La edición celebrada en Valladolid reúne a más de 4.700 profesionales, 130 empresas expositoras y una intensa agenda de jornadas técnicas centradas en los retos del sector vitivinícola
Las ferias Agrovid y Salón Ibérico de Equipamiento para Bodegas (SIEB), celebradas a finales de enero en la Feria de Valladolid, han cerrado su última edición con la asistencia de 4.723 visitantes profesionales, lo que supone un incremento del cinco por ciento respecto a la convocatoria celebrada en marzo de 2024. El perfil técnico y especializado de los asistentes confirma la consolidación de ambos certámenes como espacios clave para el negocio, la innovación y el análisis estratégico del sector vitivinícola.
La edición de 2026 ha reunido a más de 130 empresas procedentes de España, Portugal, Italia y Bélgica, distribuidas en una superficie expositiva de 8.000 metros cuadrados, y ha contado con una intensa agenda de actividades profesionales. A lo largo de las tres jornadas se celebraron más de doce mesas redondas y encuentros técnicos en los que se abordaron cuestiones como la protección de suelos, el comportamiento de variedades minoritarias, experiencias productivas en diferentes climas, las tendencias de los vinos del futuro y el impacto de la nueva normativa europea.
El director general de Feria de Valladolid, Alberto Alonso, ha señalado que la valoración global del certamen debe contextualizarse teniendo en cuenta la menor afluencia registrada en la última jornada. “El jueves 29 coincidió con una protesta masiva de las organizaciones agrarias contra el acuerdo con Mercosur, lo que redujo de forma notable la asistencia.
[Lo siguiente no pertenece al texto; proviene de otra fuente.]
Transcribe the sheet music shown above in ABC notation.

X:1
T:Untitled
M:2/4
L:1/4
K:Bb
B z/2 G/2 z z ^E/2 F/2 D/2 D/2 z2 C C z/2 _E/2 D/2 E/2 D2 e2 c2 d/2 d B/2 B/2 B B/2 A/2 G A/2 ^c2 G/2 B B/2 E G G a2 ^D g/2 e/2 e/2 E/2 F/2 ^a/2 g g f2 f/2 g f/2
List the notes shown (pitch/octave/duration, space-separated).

Aun así, Agrovid y SIEB han recuperado plenamente su lugar tanto en el calendario ferial como en la agenda de los profesionales del sector”, ha afirmado.
Desde la organización se destaca la elevada actividad comercial y divulgativa desarrollada durante el certamen, así como el interés mostrado por los profesionales en la presentación de novedades tecnológicas y en el debate sobre los principales retos que afronta la vitivinicultura a corto y medio plazo.
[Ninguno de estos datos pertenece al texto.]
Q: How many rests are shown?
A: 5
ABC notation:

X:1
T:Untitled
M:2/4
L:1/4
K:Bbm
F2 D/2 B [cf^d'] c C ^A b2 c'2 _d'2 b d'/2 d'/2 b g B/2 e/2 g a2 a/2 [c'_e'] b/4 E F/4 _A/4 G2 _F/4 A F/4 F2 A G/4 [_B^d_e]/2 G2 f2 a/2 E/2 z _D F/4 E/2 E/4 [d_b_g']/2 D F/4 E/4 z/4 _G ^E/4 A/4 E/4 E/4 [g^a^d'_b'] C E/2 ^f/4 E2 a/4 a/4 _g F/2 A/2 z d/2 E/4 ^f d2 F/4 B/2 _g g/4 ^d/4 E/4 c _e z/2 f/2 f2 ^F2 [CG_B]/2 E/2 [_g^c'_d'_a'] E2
Agrovid y SIEB contaron además con una amplia representación institucional. Entre las autoridades que visitaron las ferias se encontraban la consejera de Agricultura de la Junta de Castilla y León, María González Corral; el alcalde de Valladolid y presidente del Consorcio de la Institución Ferial, Jesús Julio Carnero; el presidente del Comité Ejecutivo de la Feria de Valladolid, Víctor Caramanzana; y el vicepresidente de la Diputación de Valladolid, Víctor Alonso Monge, junto a representantes de administraciones públicas y organizaciones empresariales.
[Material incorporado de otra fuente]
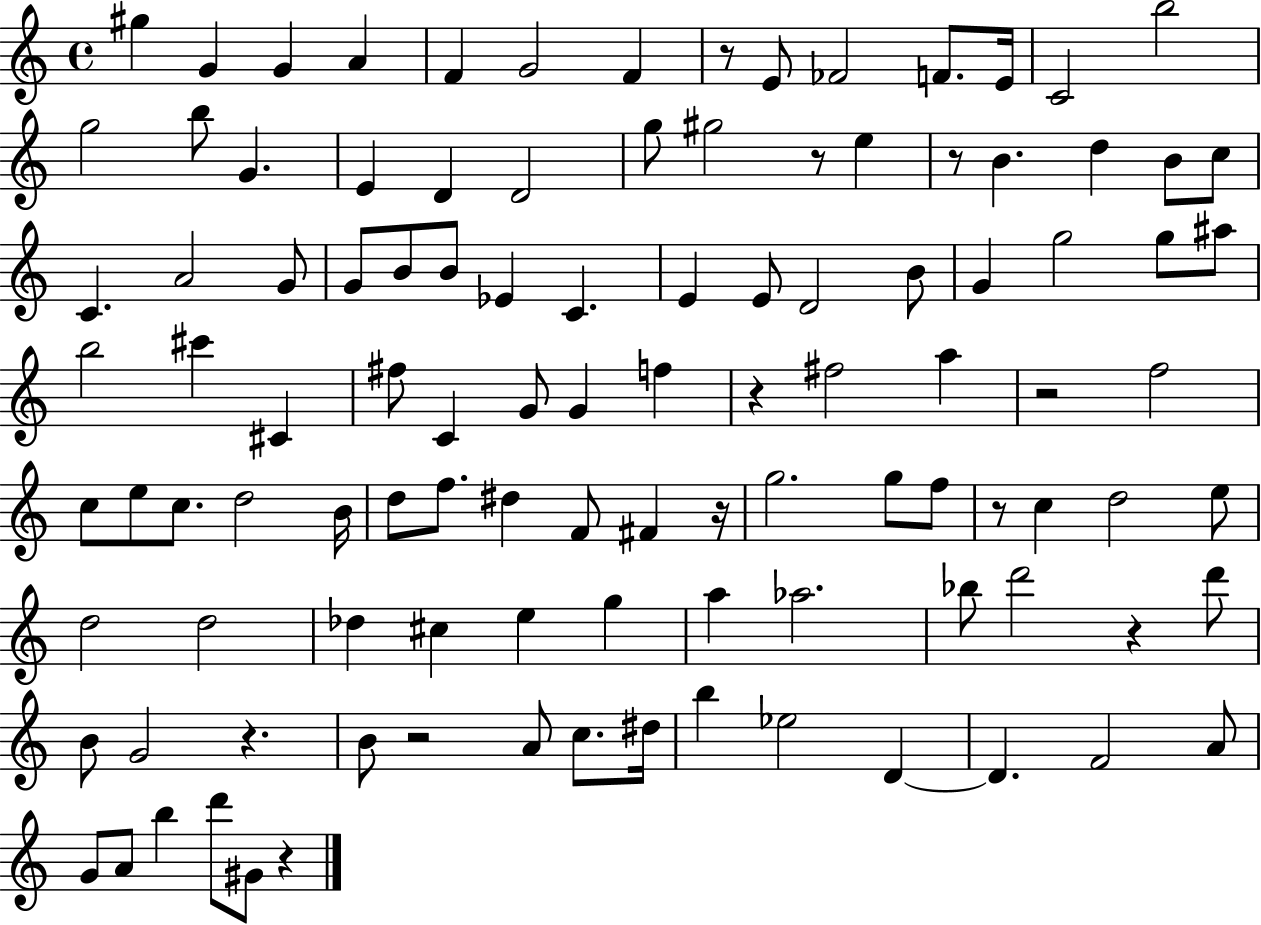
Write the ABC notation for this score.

X:1
T:Untitled
M:4/4
L:1/4
K:C
^g G G A F G2 F z/2 E/2 _F2 F/2 E/4 C2 b2 g2 b/2 G E D D2 g/2 ^g2 z/2 e z/2 B d B/2 c/2 C A2 G/2 G/2 B/2 B/2 _E C E E/2 D2 B/2 G g2 g/2 ^a/2 b2 ^c' ^C ^f/2 C G/2 G f z ^f2 a z2 f2 c/2 e/2 c/2 d2 B/4 d/2 f/2 ^d F/2 ^F z/4 g2 g/2 f/2 z/2 c d2 e/2 d2 d2 _d ^c e g a _a2 _b/2 d'2 z d'/2 B/2 G2 z B/2 z2 A/2 c/2 ^d/4 b _e2 D D F2 A/2 G/2 A/2 b d'/2 ^G/2 z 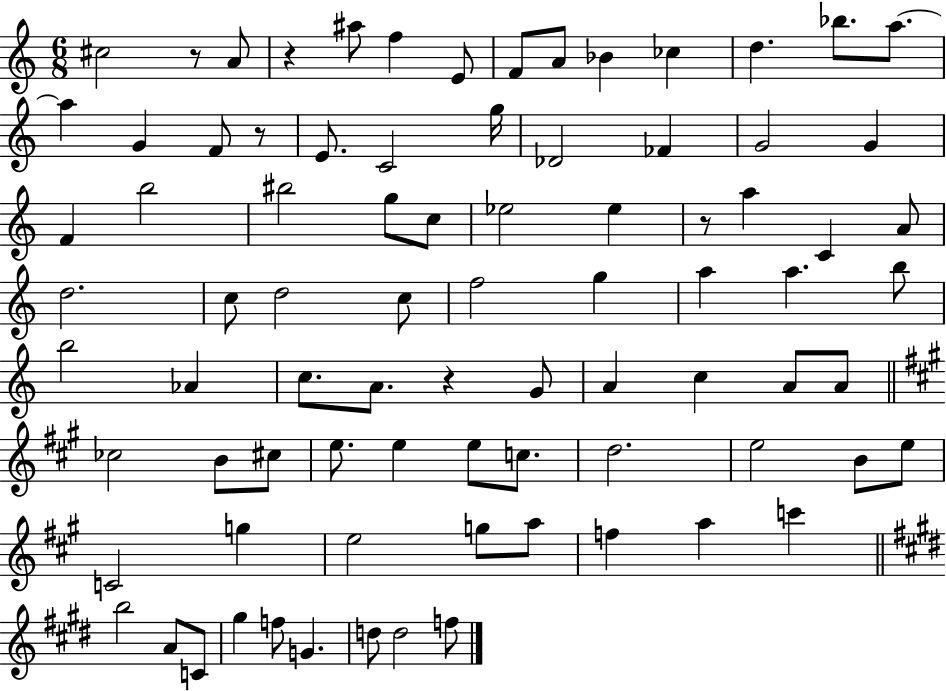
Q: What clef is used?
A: treble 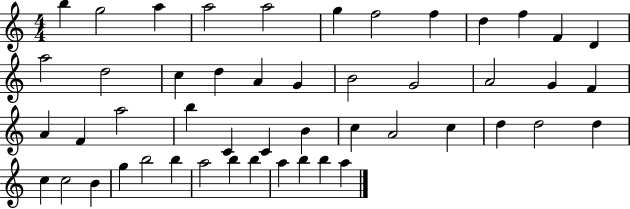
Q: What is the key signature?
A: C major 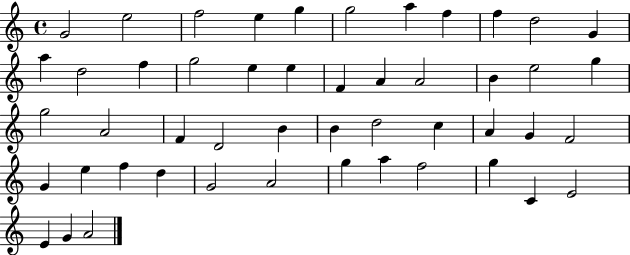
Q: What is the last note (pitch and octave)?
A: A4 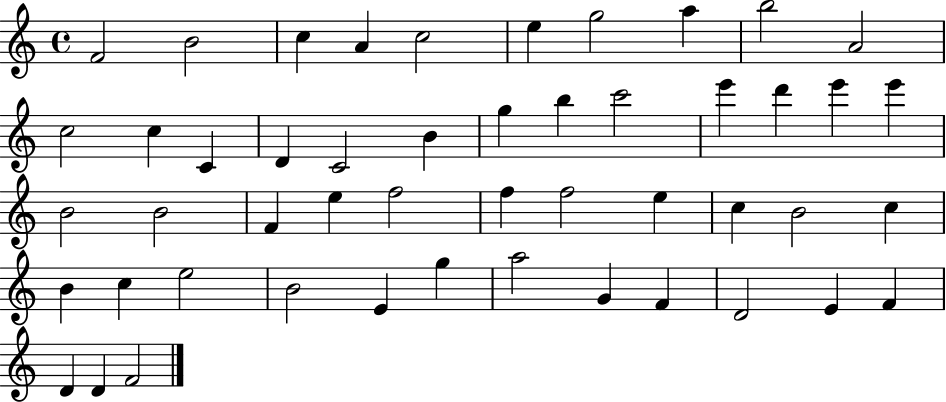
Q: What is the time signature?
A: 4/4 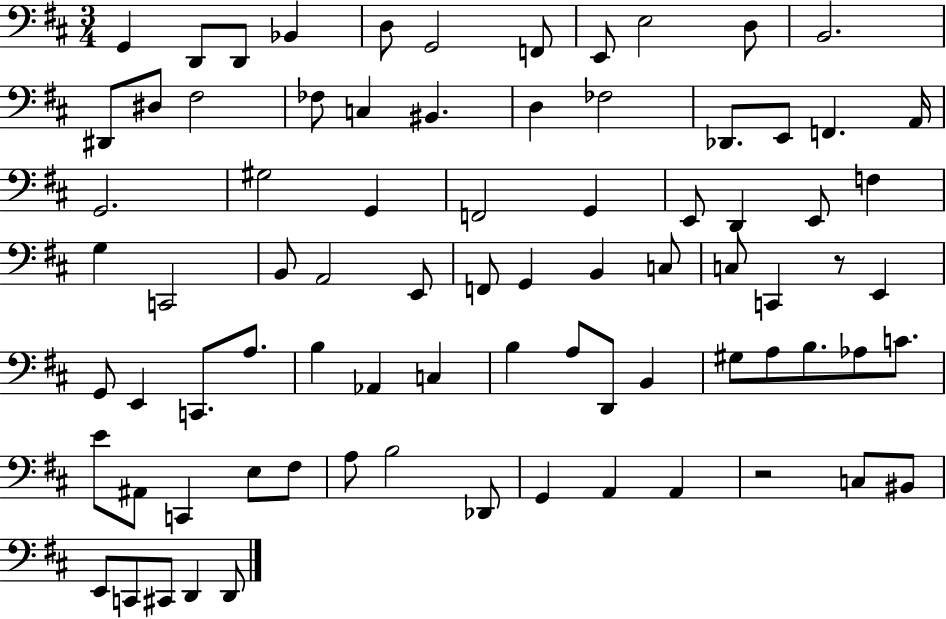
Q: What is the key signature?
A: D major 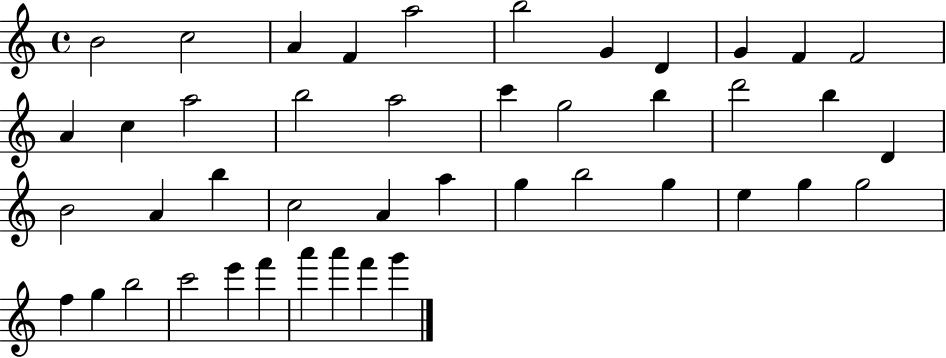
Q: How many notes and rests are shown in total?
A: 44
El peso económico del sector vitivinícola
En el marco de Agrovid y SIEB también se puso de relieve la importancia socioeconómica del sector vitivinícola en España. Según datos de la Interprofesional del Vino de España, el Valor Agregado Bruto del sector alcanza los 22.350 millones de euros, lo que representa el 1,6 por ciento del PIB nacional.
España se mantiene como el país con mayor superficie de viñedo del mundo, con una media de 924.000 hectáreas en el periodo 2019-2024, equivalente al 13 por ciento del viñedo mundial. Lidera igualmente la superficie dedicada a viñedo ecológico, con 166.000 hectáreas, y la cadena de valor del sector contribuye a generar y mantener más de 386.000 empleos.
El viñedo de secano sigue siendo mayoritario, con el 67 por ciento de la superficie total, porcentaje que se eleva hasta el 86 por ciento en Castilla y León. Navarra, Baleares y la Comunitat Valenciana concentran los mayores porcentajes de viñedo de regadío. En cuanto al cultivo ecológico, Cataluña y Baleares superan ya el 50 por ciento de su superficie total, mientras que Murcia alcanza el 46 por ciento. Castilla y León y Castilla-La Mancha representan el 15,7 y el 17,3 por ciento, respectivamente.
El sector presenta una elevada atomización: el registro nacional de viticultores alcanza las 532.000 personas y solo el cuatro por ciento de las explotaciones supera las 10 hectáreas. Esta fragmentación es especialmente acusada en comunidades como Galicia y Castilla y León, frente a País Vasco, Cataluña y Extremadura, donde existe una mayor proporción de explotaciones de mayor tamaño.
En términos productivos, el informe destaca el crecimiento de los vinos blancos, impulsado por la evolución de la demanda, que ya representan el 57 por ciento del total, frente al 43 por ciento correspondiente a tintos y rosados.
Finalmente, el documento recoge la evolución de las inversiones internacionales del sector. Las inversiones españolas en el exterior alcanzaron los 61,1 millones de euros, mientras que la inversión extranjera directa en España se situó en 28,4 millones. En el acumulado de la última década, la cifra asciende a 846 millones de euros, procedentes principalmente de Alemania, Luxemburgo, Reino Unido y Países Bajos.